INFORMATION SUPPLIED »
------------

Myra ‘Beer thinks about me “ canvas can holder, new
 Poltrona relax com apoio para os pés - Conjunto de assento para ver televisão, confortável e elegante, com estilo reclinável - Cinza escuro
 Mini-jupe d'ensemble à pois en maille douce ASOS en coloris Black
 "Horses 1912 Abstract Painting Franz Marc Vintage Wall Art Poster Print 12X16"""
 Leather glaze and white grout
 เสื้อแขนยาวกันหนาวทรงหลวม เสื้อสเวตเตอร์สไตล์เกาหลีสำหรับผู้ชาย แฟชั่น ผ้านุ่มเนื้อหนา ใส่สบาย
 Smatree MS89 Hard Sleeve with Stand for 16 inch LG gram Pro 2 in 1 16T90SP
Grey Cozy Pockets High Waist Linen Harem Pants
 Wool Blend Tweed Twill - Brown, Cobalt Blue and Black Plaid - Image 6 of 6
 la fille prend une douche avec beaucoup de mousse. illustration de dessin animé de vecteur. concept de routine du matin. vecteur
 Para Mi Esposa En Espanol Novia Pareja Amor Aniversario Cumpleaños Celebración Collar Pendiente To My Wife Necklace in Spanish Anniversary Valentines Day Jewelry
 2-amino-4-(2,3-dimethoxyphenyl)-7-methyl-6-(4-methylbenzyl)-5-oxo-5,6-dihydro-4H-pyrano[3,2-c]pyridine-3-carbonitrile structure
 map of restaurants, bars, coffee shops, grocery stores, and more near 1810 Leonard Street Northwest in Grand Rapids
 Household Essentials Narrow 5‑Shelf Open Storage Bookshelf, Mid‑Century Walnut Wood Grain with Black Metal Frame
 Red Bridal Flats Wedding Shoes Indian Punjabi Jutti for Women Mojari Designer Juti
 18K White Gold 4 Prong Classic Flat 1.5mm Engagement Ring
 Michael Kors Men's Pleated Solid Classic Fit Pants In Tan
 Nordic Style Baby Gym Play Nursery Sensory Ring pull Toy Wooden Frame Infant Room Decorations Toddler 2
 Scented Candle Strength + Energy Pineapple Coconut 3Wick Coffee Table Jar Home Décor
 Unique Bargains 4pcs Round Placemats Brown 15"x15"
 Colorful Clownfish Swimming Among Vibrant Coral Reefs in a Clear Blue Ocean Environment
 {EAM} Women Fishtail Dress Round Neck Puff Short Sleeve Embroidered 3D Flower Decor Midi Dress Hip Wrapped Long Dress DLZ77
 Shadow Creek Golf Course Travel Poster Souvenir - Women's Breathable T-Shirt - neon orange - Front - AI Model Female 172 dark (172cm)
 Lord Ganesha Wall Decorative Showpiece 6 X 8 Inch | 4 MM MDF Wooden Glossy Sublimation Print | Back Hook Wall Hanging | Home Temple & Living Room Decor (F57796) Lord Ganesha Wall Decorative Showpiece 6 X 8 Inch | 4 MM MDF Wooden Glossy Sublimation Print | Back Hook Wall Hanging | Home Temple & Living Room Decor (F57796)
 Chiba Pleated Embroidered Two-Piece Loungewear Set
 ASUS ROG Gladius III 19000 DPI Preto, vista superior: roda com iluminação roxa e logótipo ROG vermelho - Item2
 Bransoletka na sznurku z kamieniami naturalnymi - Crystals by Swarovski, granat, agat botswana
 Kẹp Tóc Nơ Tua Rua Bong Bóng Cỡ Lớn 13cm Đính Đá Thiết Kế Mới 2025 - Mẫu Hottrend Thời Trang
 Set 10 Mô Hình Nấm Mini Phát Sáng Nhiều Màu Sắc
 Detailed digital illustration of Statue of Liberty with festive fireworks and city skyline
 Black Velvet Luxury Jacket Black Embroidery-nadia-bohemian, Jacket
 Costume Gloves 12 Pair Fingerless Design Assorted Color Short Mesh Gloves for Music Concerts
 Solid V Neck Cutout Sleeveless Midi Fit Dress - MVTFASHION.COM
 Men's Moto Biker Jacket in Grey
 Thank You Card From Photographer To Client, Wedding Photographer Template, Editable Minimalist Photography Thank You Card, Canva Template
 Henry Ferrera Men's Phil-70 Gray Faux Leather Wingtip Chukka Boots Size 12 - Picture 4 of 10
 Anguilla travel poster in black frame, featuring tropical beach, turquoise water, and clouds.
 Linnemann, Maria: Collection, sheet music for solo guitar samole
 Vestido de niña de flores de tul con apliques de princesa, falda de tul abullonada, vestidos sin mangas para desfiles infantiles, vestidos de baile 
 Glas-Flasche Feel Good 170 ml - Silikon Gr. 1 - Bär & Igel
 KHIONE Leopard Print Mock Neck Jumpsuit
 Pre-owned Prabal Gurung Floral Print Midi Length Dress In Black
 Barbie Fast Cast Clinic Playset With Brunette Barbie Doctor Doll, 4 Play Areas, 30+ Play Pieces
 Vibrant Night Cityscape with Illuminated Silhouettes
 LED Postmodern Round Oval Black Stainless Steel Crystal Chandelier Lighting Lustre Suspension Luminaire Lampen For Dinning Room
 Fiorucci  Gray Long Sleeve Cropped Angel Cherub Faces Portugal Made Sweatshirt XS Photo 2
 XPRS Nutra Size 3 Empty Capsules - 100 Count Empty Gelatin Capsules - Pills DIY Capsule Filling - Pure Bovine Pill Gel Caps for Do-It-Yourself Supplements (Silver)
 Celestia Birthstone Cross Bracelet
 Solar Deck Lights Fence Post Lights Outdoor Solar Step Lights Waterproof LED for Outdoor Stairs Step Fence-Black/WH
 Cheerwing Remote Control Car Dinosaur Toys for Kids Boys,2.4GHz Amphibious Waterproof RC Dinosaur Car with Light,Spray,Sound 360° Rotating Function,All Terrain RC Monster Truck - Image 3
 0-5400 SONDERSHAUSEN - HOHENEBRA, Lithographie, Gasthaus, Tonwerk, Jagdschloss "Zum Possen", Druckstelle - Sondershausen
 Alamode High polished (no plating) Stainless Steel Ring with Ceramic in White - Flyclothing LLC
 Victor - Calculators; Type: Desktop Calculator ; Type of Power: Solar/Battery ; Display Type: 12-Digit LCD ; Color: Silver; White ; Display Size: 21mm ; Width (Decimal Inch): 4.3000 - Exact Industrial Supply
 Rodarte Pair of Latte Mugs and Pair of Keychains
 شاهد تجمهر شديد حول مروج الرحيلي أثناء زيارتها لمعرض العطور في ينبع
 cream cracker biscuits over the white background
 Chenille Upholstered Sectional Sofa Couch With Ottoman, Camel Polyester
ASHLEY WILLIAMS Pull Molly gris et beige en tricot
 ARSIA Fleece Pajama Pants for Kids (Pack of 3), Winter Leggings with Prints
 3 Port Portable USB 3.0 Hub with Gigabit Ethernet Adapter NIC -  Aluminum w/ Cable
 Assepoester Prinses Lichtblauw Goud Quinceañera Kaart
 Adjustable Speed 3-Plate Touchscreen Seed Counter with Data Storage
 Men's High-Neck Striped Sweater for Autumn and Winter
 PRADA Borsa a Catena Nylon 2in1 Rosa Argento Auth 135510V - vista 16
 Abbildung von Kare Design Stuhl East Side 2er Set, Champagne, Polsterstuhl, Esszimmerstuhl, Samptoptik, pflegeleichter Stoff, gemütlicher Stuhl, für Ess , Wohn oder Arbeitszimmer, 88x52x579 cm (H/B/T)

------------

Since the material above must be kept intact, output it exactly as it is.

Myra ‘Beer thinks about me “ canvas can holder, new
 Poltrona relax com apoio para os pés - Conjunto de assento para ver televisão, confortável e elegante, com estilo reclinável - Cinza escuro
 Mini-jupe d'ensemble à pois en maille douce ASOS en coloris Black
 "Horses 1912 Abstract Painting Franz Marc Vintage Wall Art Poster Print 12X16"""
 Leather glaze and white grout
 เสื้อแขนยาวกันหนาวทรงหลวม เสื้อสเวตเตอร์สไตล์เกาหลีสำหรับผู้ชาย แฟชั่น ผ้านุ่มเนื้อหนา ใส่สบาย
 Smatree MS89 Hard Sleeve with Stand for 16 inch LG gram Pro 2 in 1 16T90SP
Grey Cozy Pockets High Waist Linen Harem Pants
 Wool Blend Tweed Twill - Brown, Cobalt Blue and Black Plaid - Image 6 of 6
 la fille prend une douche avec beaucoup de mousse. illustration de dessin animé de vecteur. concept de routine du matin. vecteur
 Para Mi Esposa En Espanol Novia Pareja Amor Aniversario Cumpleaños Celebración Collar Pendiente To My Wife Necklace in Spanish Anniversary Valentines Day Jewelry
 2-amino-4-(2,3-dimethoxyphenyl)-7-methyl-6-(4-methylbenzyl)-5-oxo-5,6-dihydro-4H-pyrano[3,2-c]pyridine-3-carbonitrile structure
 map of restaurants, bars, coffee shops, grocery stores, and more near 1810 Leonard Street Northwest in Grand Rapids
 Household Essentials Narrow 5‑Shelf Open Storage Bookshelf, Mid‑Century Walnut Wood Grain with Black Metal Frame
 Red Bridal Flats Wedding Shoes Indian Punjabi Jutti for Women Mojari Designer Juti
 18K White Gold 4 Prong Classic Flat 1.5mm Engagement Ring
 Michael Kors Men's Pleated Solid Classic Fit Pants In Tan
 Nordic Style Baby Gym Play Nursery Sensory Ring pull Toy Wooden Frame Infant Room Decorations Toddler 2
 Scented Candle Strength + Energy Pineapple Coconut 3Wick Coffee Table Jar Home Décor
 Unique Bargains 4pcs Round Placemats Brown 15"x15"
 Colorful Clownfish Swimming Among Vibrant Coral Reefs in a Clear Blue Ocean Environment
 {EAM} Women Fishtail Dress Round Neck Puff Short Sleeve Embroidered 3D Flower Decor Midi Dress Hip Wrapped Long Dress DLZ77
 Shadow Creek Golf Course Travel Poster Souvenir - Women's Breathable T-Shirt - neon orange - Front - AI Model Female 172 dark (172cm)
 Lord Ganesha Wall Decorative Showpiece 6 X 8 Inch | 4 MM MDF Wooden Glossy Sublimation Print | Back Hook Wall Hanging | Home Temple & Living Room Decor (F57796) Lord Ganesha Wall Decorative Showpiece 6 X 8 Inch | 4 MM MDF Wooden Glossy Sublimation Print | Back Hook Wall Hanging | Home Temple & Living Room Decor (F57796)
 Chiba Pleated Embroidered Two-Piece Loungewear Set
 ASUS ROG Gladius III 19000 DPI Preto, vista superior: roda com iluminação roxa e logótipo ROG vermelho - Item2
 Bransoletka na sznurku z kamieniami naturalnymi - Crystals by Swarovski, granat, agat botswana
 Kẹp Tóc Nơ Tua Rua Bong Bóng Cỡ Lớn 13cm Đính Đá Thiết Kế Mới 2025 - Mẫu Hottrend Thời Trang
 Set 10 Mô Hình Nấm Mini Phát Sáng Nhiều Màu Sắc
 Detailed digital illustration of Statue of Liberty with festive fireworks and city skyline
 Black Velvet Luxury Jacket Black Embroidery-nadia-bohemian, Jacket
 Costume Gloves 12 Pair Fingerless Design Assorted Color Short Mesh Gloves for Music Concerts
 Solid V Neck Cutout Sleeveless Midi Fit Dress - MVTFASHION.COM
 Men's Moto Biker Jacket in Grey
 Thank You Card From Photographer To Client, Wedding Photographer Template, Editable Minimalist Photography Thank You Card, Canva Template
 Henry Ferrera Men's Phil-70 Gray Faux Leather Wingtip Chukka Boots Size 12 - Picture 4 of 10
 Anguilla travel poster in black frame, featuring tropical beach, turquoise water, and clouds.
 Linnemann, Maria: Collection, sheet music for solo guitar samole
 Vestido de niña de flores de tul con apliques de princesa, falda de tul abullonada, vestidos sin mangas para desfiles infantiles, vestidos de baile 
 Glas-Flasche Feel Good 170 ml - Silikon Gr. 1 - Bär & Igel
 KHIONE Leopard Print Mock Neck Jumpsuit
 Pre-owned Prabal Gurung Floral Print Midi Length Dress In Black
 Barbie Fast Cast Clinic Playset With Brunette Barbie Doctor Doll, 4 Play Areas, 30+ Play Pieces
 Vibrant Night Cityscape with Illuminated Silhouettes
 LED Postmodern Round Oval Black Stainless Steel Crystal Chandelier Lighting Lustre Suspension Luminaire Lampen For Dinning Room
 Fiorucci  Gray Long Sleeve Cropped Angel Cherub Faces Portugal Made Sweatshirt XS Photo 2
 XPRS Nutra Size 3 Empty Capsules - 100 Count Empty Gelatin Capsules - Pills DIY Capsule Filling - Pure Bovine Pill Gel Caps for Do-It-Yourself Supplements (Silver)
 Celestia Birthstone Cross Bracelet
 Solar Deck Lights Fence Post Lights Outdoor Solar Step Lights Waterproof LED for Outdoor Stairs Step Fence-Black/WH
 Cheerwing Remote Control Car Dinosaur Toys for Kids Boys,2.4GHz Amphibious Waterproof RC Dinosaur Car with Light,Spray,Sound 360° Rotating Function,All Terrain RC Monster Truck - Image 3
 0-5400 SONDERSHAUSEN - HOHENEBRA, Lithographie, Gasthaus, Tonwerk, Jagdschloss "Zum Possen", Druckstelle - Sondershausen
 Alamode High polished (no plating) Stainless Steel Ring with Ceramic in White - Flyclothing LLC
 Victor - Calculators; Type: Desktop Calculator ; Type of Power: Solar/Battery ; Display Type: 12-Digit LCD ; Color: Silver; White ; Display Size: 21mm ; Width (Decimal Inch): 4.3000 - Exact Industrial Supply
 Rodarte Pair of Latte Mugs and Pair of Keychains
 شاهد تجمهر شديد حول مروج الرحيلي أثناء زيارتها لمعرض العطور في ينبع
 cream cracker biscuits over the white background
 Chenille Upholstered Sectional Sofa Couch With Ottoman, Camel Polyester
ASHLEY WILLIAMS Pull Molly gris et beige en tricot
 ARSIA Fleece Pajama Pants for Kids (Pack of 3), Winter Leggings with Prints
 3 Port Portable USB 3.0 Hub with Gigabit Ethernet Adapter NIC -  Aluminum w/ Cable
 Assepoester Prinses Lichtblauw Goud Quinceañera Kaart
 Adjustable Speed 3-Plate Touchscreen Seed Counter with Data Storage
 Men's High-Neck Striped Sweater for Autumn and Winter
 PRADA Borsa a Catena Nylon 2in1 Rosa Argento Auth 135510V - vista 16
 Abbildung von Kare Design Stuhl East Side 2er Set, Champagne, Polsterstuhl, Esszimmerstuhl, Samptoptik, pflegeleichter Stoff, gemütlicher Stuhl, für Ess , Wohn oder Arbeitszimmer, 88x52x579 cm (H/B/T)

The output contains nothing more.